=== Prompt ===
The answer is to be the lines below that lie between the line holding "Chikko Bio Chai" and the line holding "Bluză mânecă lungă Unisex Rise Candy Pink", inclusive, transcribed exactly and free of pictures.

** Supplied material follows **

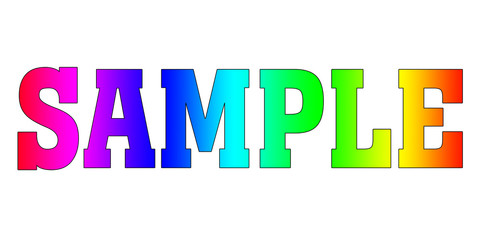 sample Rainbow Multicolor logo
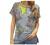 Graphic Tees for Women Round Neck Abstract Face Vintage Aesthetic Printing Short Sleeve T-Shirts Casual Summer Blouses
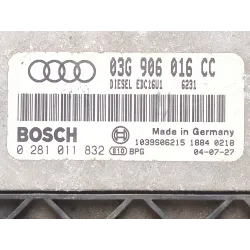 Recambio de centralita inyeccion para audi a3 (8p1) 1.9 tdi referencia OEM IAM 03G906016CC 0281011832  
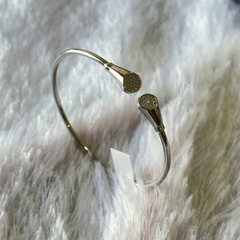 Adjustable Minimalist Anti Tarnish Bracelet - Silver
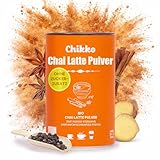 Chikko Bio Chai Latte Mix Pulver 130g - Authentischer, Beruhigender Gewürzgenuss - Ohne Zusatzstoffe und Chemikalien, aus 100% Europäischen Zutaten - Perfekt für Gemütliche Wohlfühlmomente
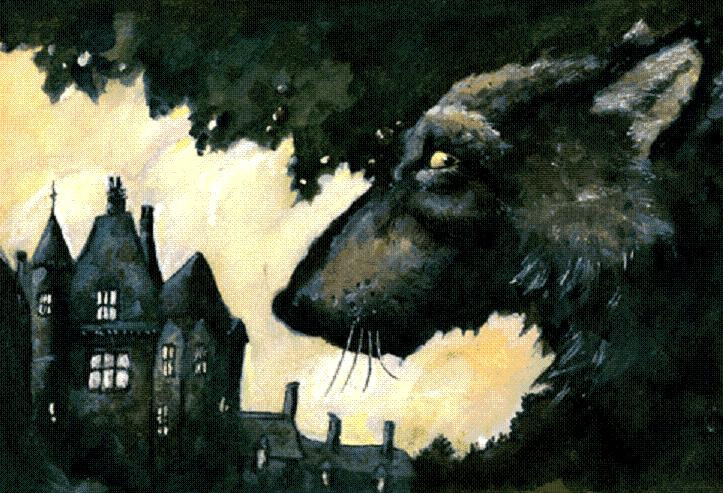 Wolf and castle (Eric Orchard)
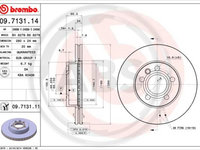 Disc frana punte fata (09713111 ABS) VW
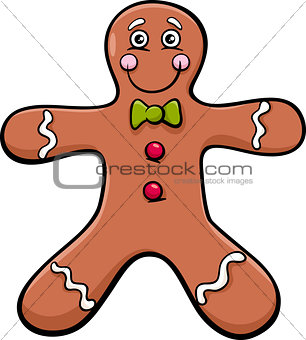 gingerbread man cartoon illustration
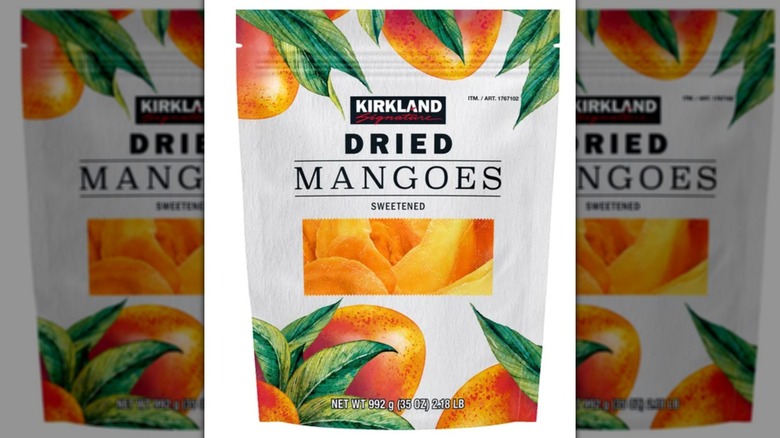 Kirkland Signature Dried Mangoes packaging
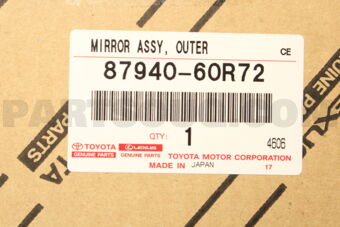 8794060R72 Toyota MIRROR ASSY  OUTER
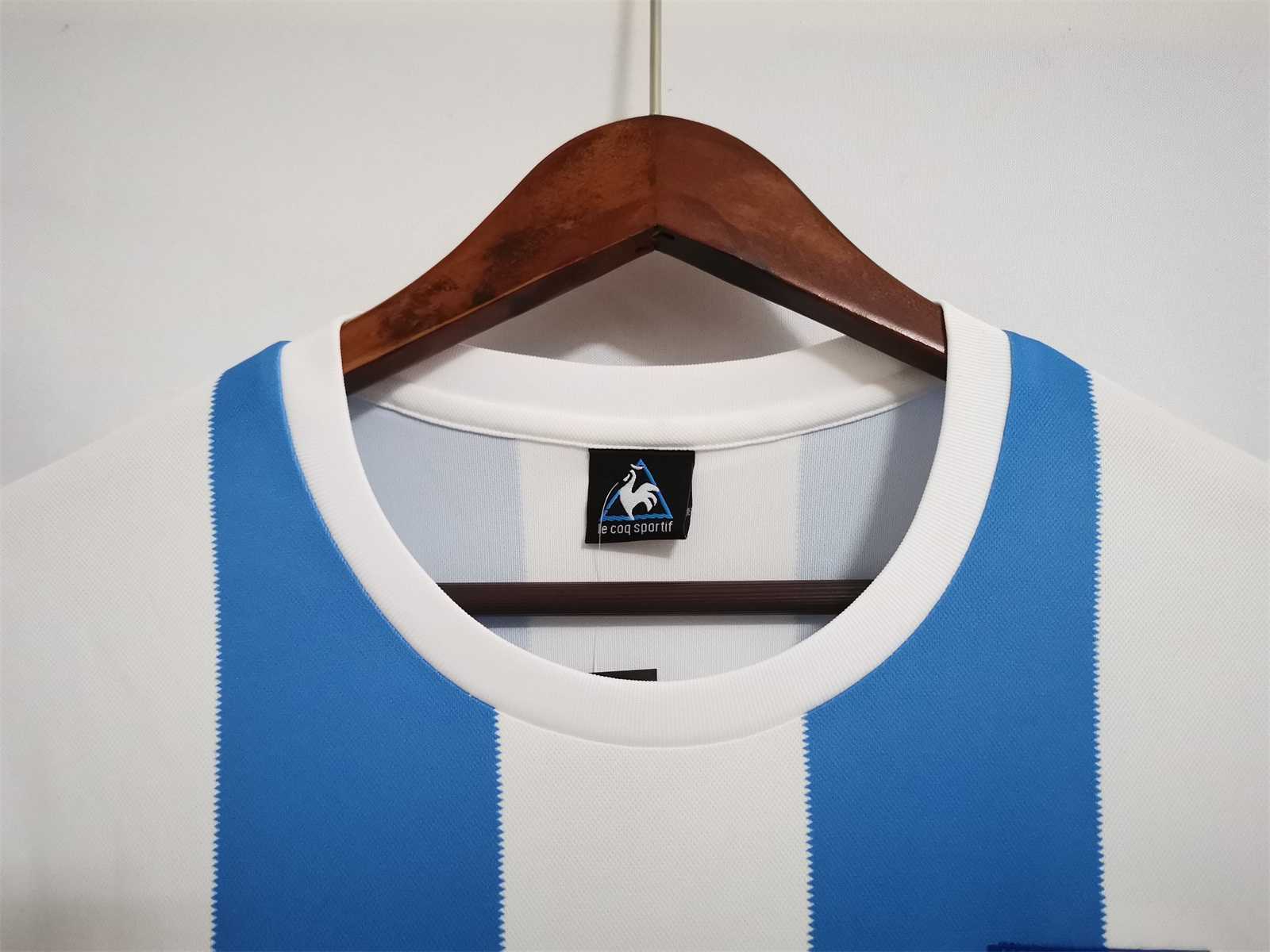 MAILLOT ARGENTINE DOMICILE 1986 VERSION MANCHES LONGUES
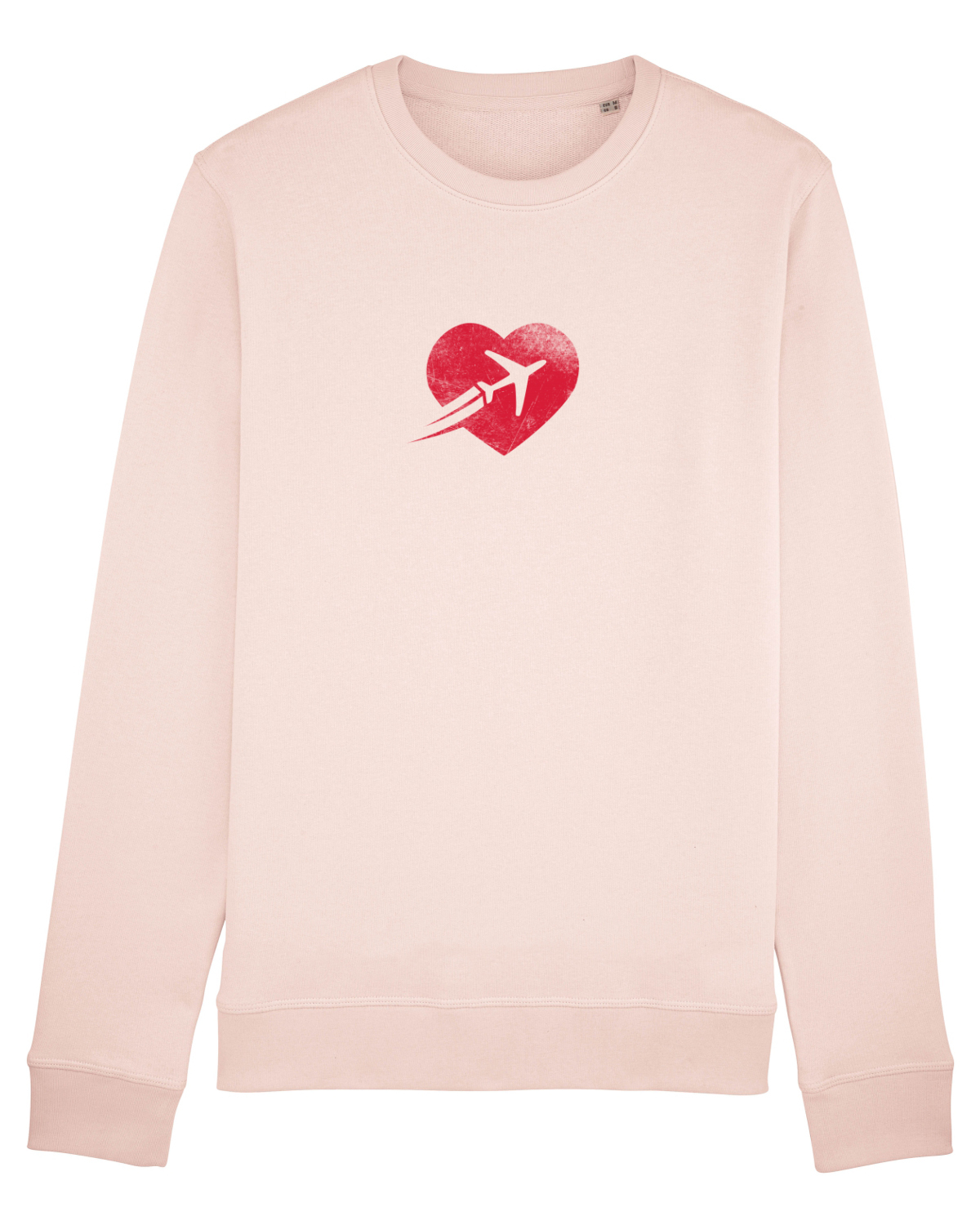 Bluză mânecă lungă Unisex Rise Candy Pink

** End of Supplied material **
** Supplied material follows **

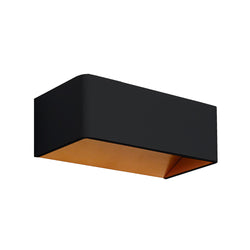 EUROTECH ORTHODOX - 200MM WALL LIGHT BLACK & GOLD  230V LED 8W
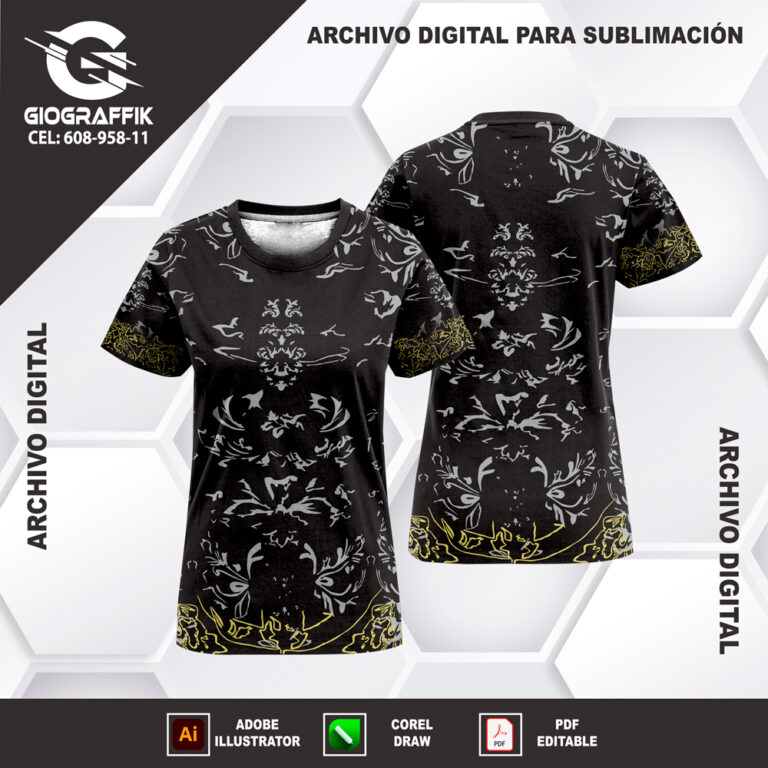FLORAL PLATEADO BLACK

** End of Supplied material **

=== Your solution ===
 Chikko Bio Chai Latte Mix Pulver 130g - Authentischer, Beruhigender Gewürzgenuss - Ohne Zusatzstoffe und Chemikalien, aus 100% Europäischen Zutaten - Perfekt für Gemütliche Wohlfühlmomente
 Wolf and castle (Eric Orchard)
 Disc frana punte fata (09713111 ABS) VW
 gingerbread man cartoon illustration
 Kirkland Signature Dried Mangoes packaging
 8794060R72 Toyota MIRROR ASSY  OUTER
 MAILLOT ARGENTINE DOMICILE 1986 VERSION MANCHES LONGUES
 Bluză mânecă lungă Unisex Rise Candy Pink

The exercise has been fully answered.